Task directions:
Nothing but the records, transcribed exactly, should appear in the answer; leave the pictures out.

Listed entries:
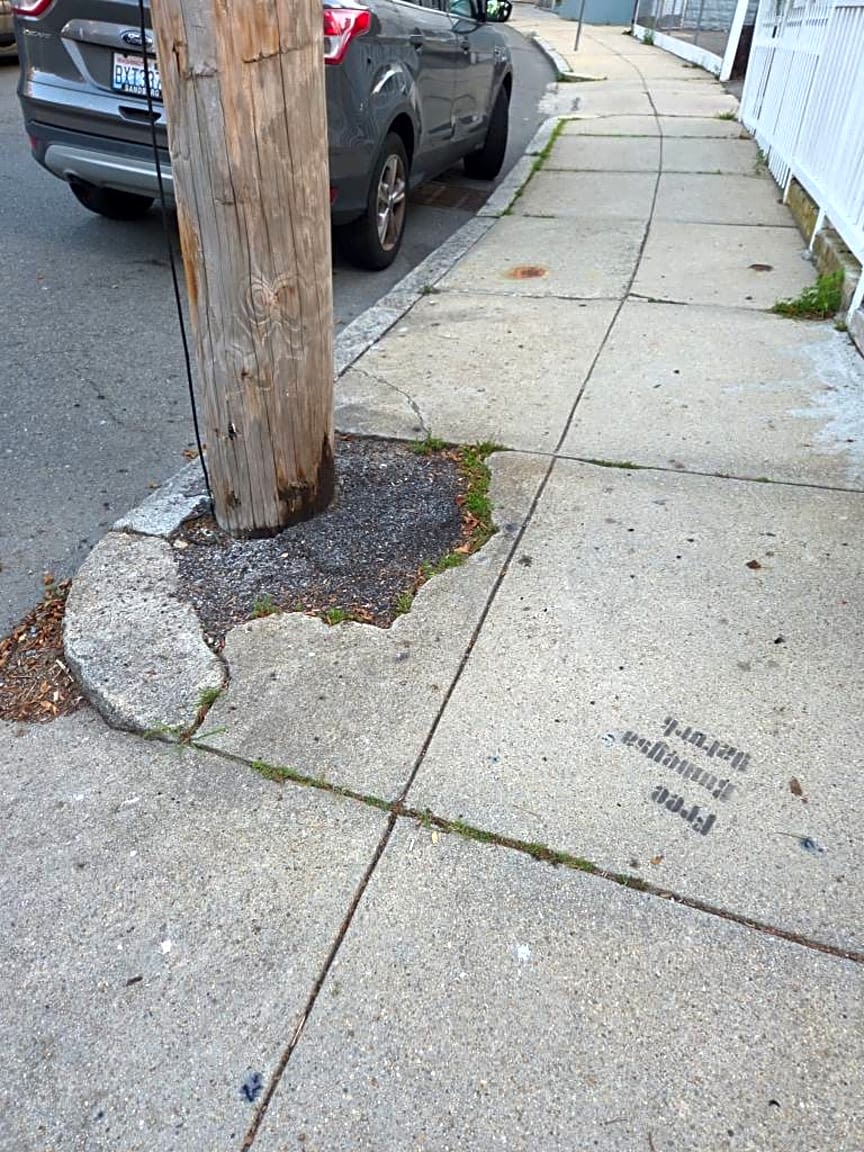 Image submitted with report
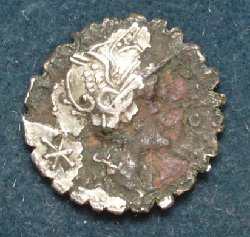 Serratus Subaerat 1, av (1).JPG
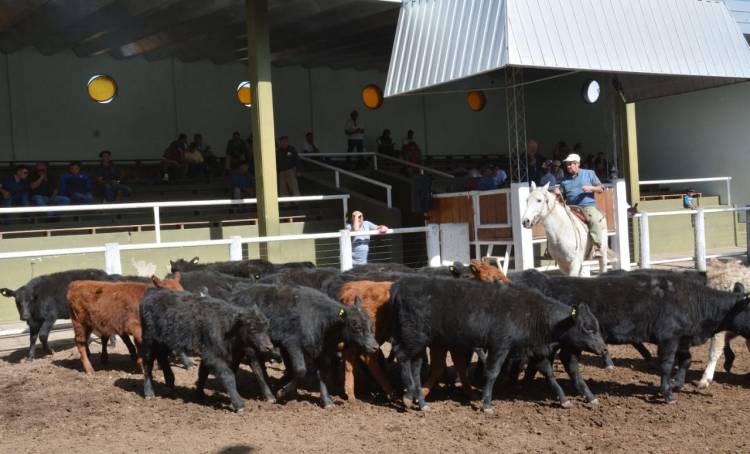 CAMPO: San Luis Feria remató más de mil cabezas 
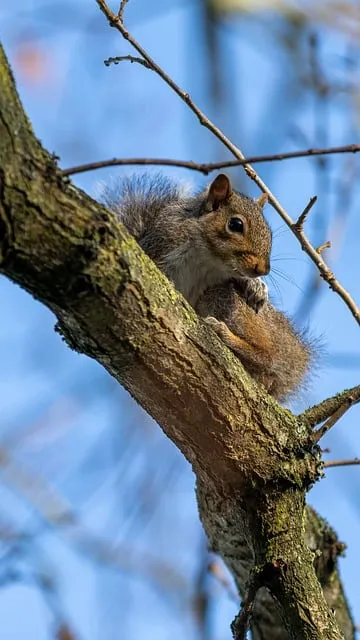 Free Squirrel Branch photo and picture
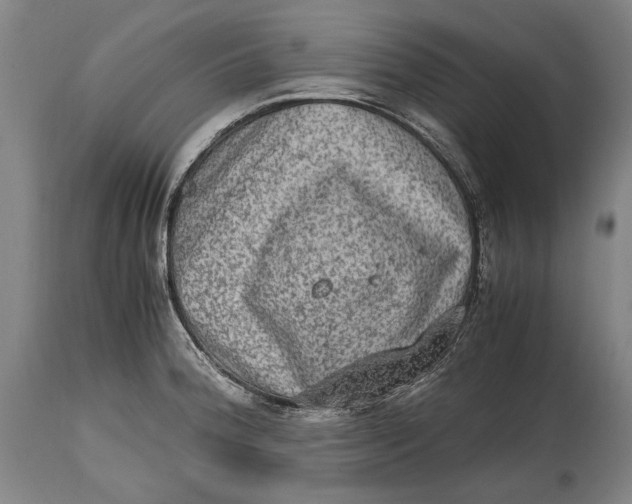 X0000114681188200911121449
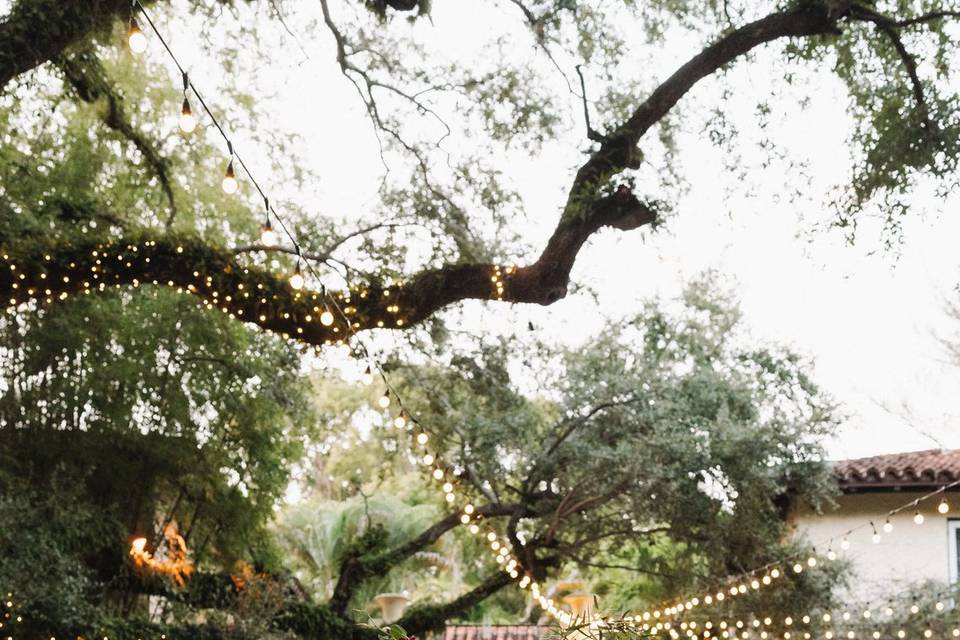 Miami Centerpieces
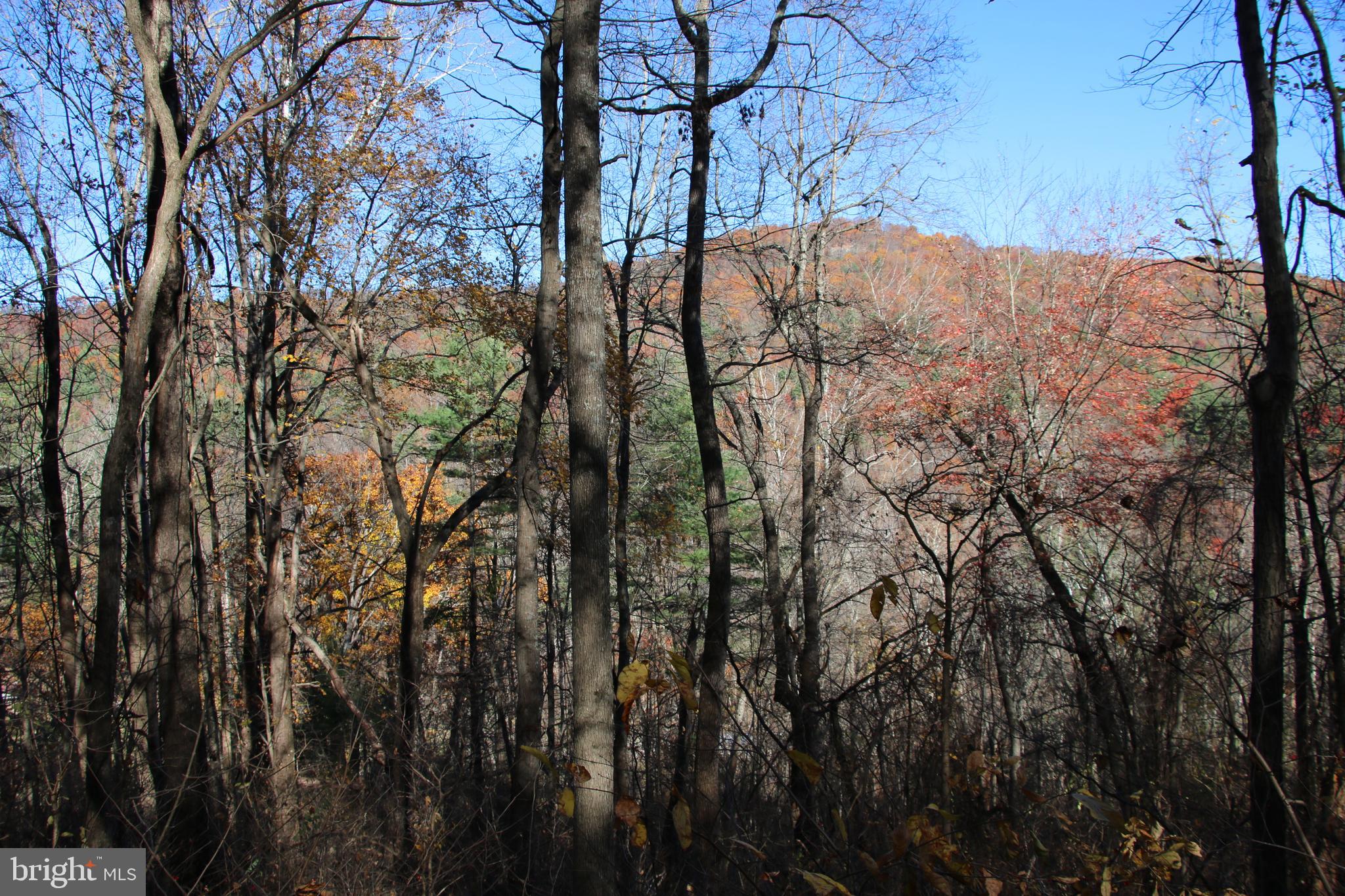 OVERLOOK MOUNTAIN - Land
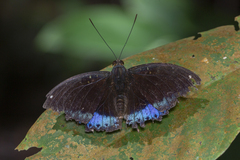 Lexias dirtea merguia
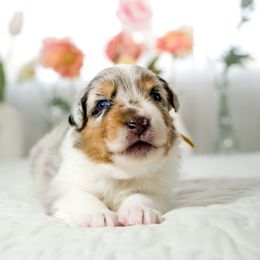 Fluer (Heavens 9 Fluer Meadow In Bloom) - Blue merle Australian Shepherd puppy in Fresno, California from Heaven's 9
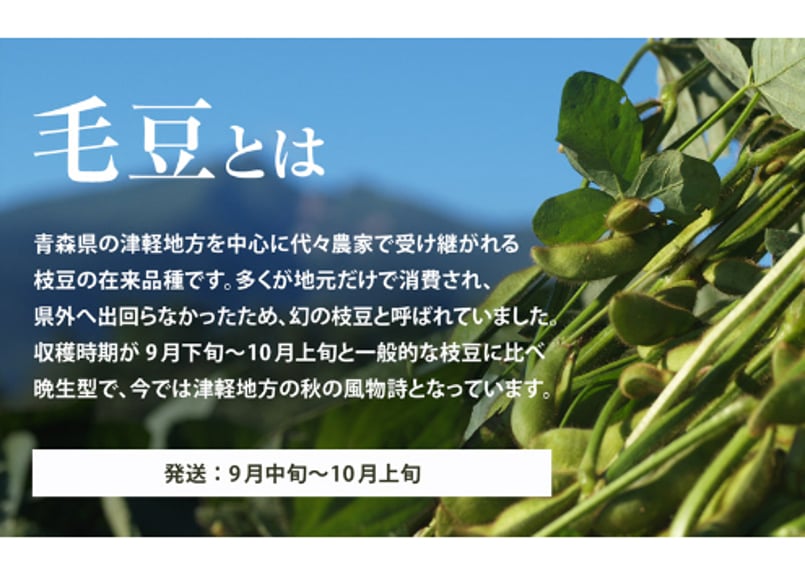 枝豆 青森県産 幻の特上えだまめ『毛豆』300g×4袋【栗のような甘み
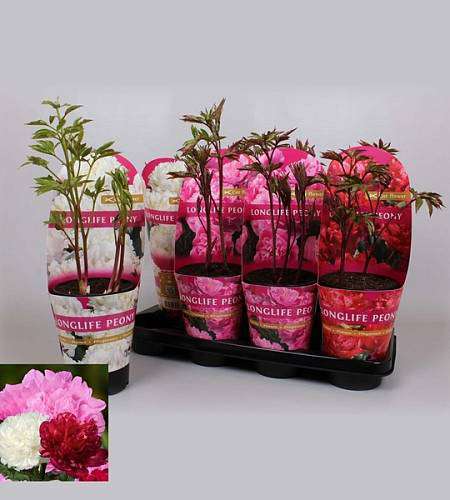 Peonies (Paeonia) Mixed Colors in Pot – 55 cm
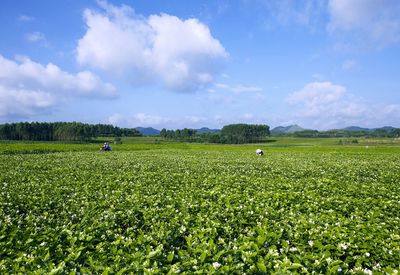 橫縣茉莉花茶榮登中國農業品牌目錄2019，區域公用品牌再綻新芳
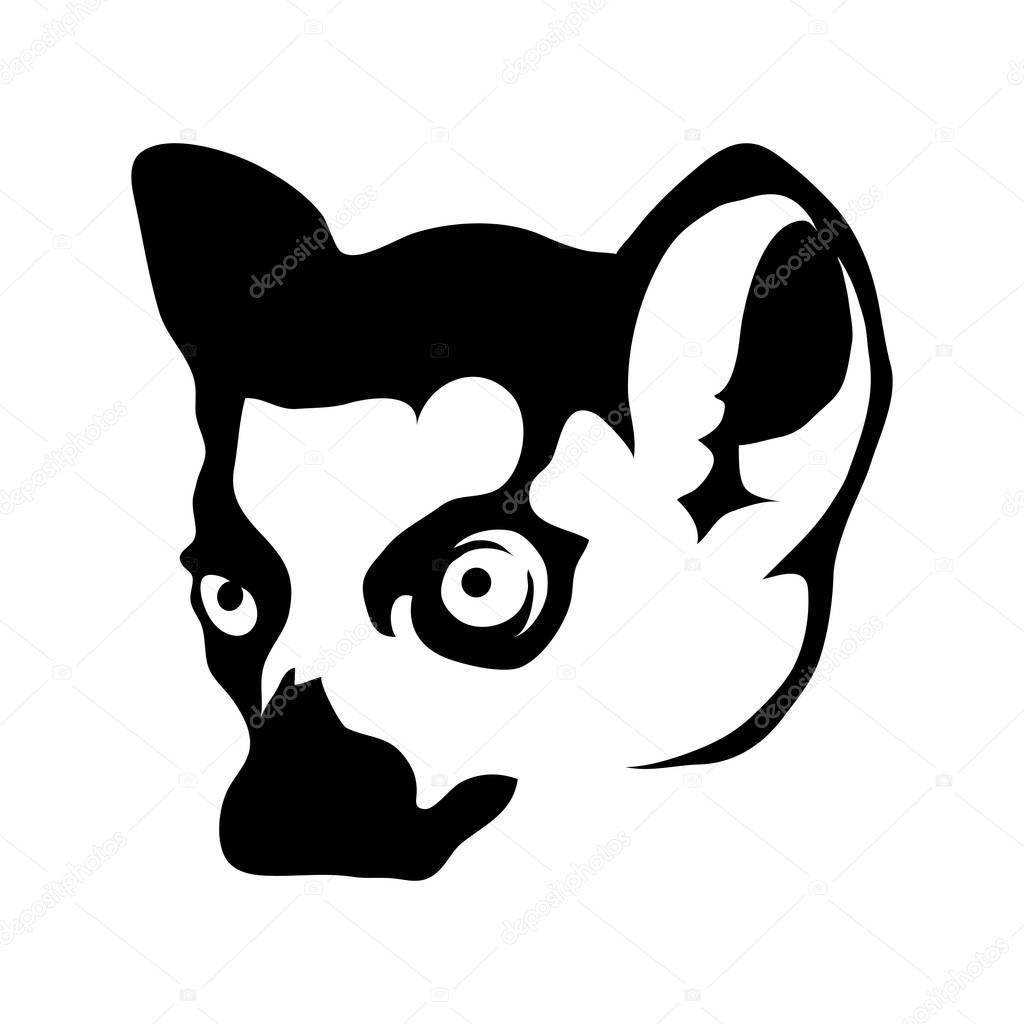 Lemur head Logo, vector illustration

Answer to this task:
 Image submitted with report
 Serratus Subaerat 1, av (1).JPG
 CAMPO: San Luis Feria remató más de mil cabezas 
 Free Squirrel Branch photo and picture
 X0000114681188200911121449
 Miami Centerpieces
 OVERLOOK MOUNTAIN - Land
 Lexias dirtea merguia
 Fluer (Heavens 9 Fluer Meadow In Bloom) - Blue merle Australian Shepherd puppy in Fresno, California from Heaven's 9
 枝豆 青森県産 幻の特上えだまめ『毛豆』300g×4袋【栗のような甘み
 Peonies (Paeonia) Mixed Colors in Pot – 55 cm
 橫縣茉莉花茶榮登中國農業品牌目錄2019，區域公用品牌再綻新芳
 Lemur head Logo, vector illustration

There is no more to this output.